EXERCISE DATA:
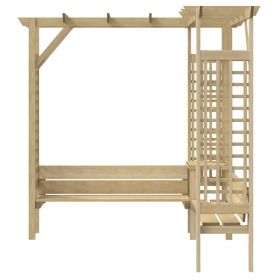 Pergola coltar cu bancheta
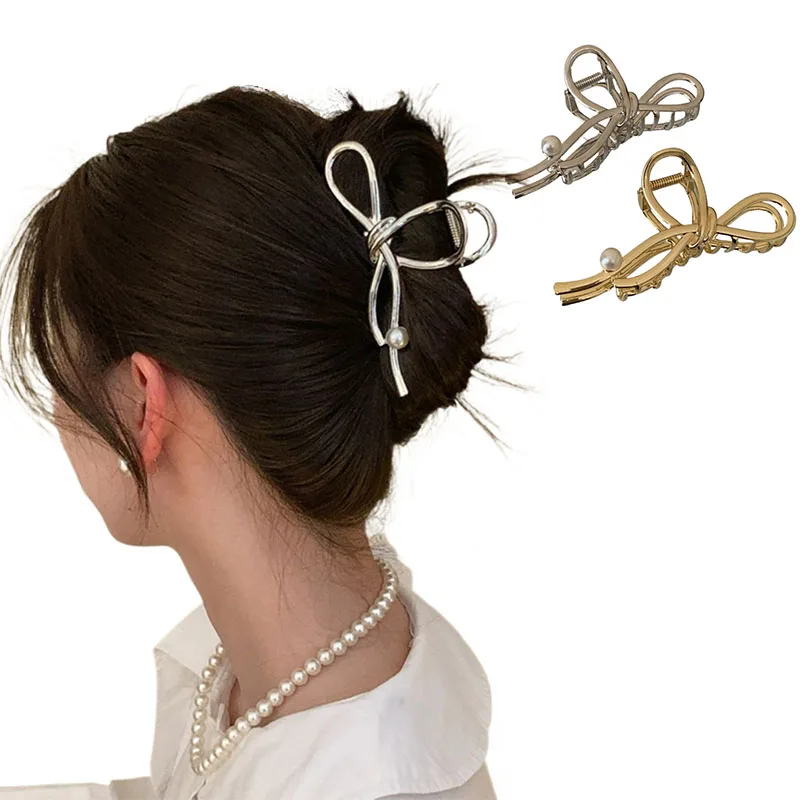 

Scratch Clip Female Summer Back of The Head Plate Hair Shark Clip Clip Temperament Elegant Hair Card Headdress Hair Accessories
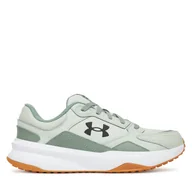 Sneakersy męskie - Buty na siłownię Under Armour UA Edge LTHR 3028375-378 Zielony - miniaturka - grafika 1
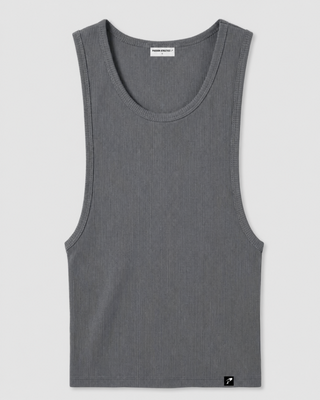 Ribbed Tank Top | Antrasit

---

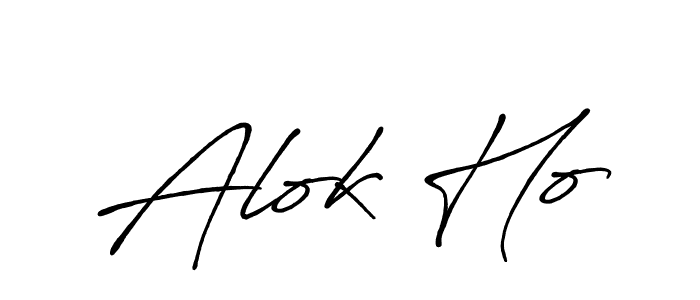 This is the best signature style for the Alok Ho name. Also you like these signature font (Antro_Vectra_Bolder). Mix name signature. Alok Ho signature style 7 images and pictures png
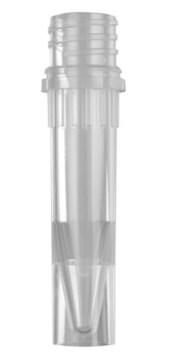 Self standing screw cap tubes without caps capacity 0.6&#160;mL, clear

PROMPT: Reproduce word for word, with pictures dropped, only the part of the material above that opens with the line containing "Pergola coltar cu bancheta" and closes with the line containing "Ribbed Tank Top | Antrasit".

RESPONSE TO THE EXERCISE:
 Pergola coltar cu bancheta

Scratch Clip Female Summer Back of The Head Plate Hair Shark Clip Clip Temperament Elegant Hair Card Headdress Hair Accessories
 Sneakersy męskie - Buty na siłownię Under Armour UA Edge LTHR 3028375-378 Zielony - miniaturka - grafika 1
 Ribbed Tank Top | Antrasit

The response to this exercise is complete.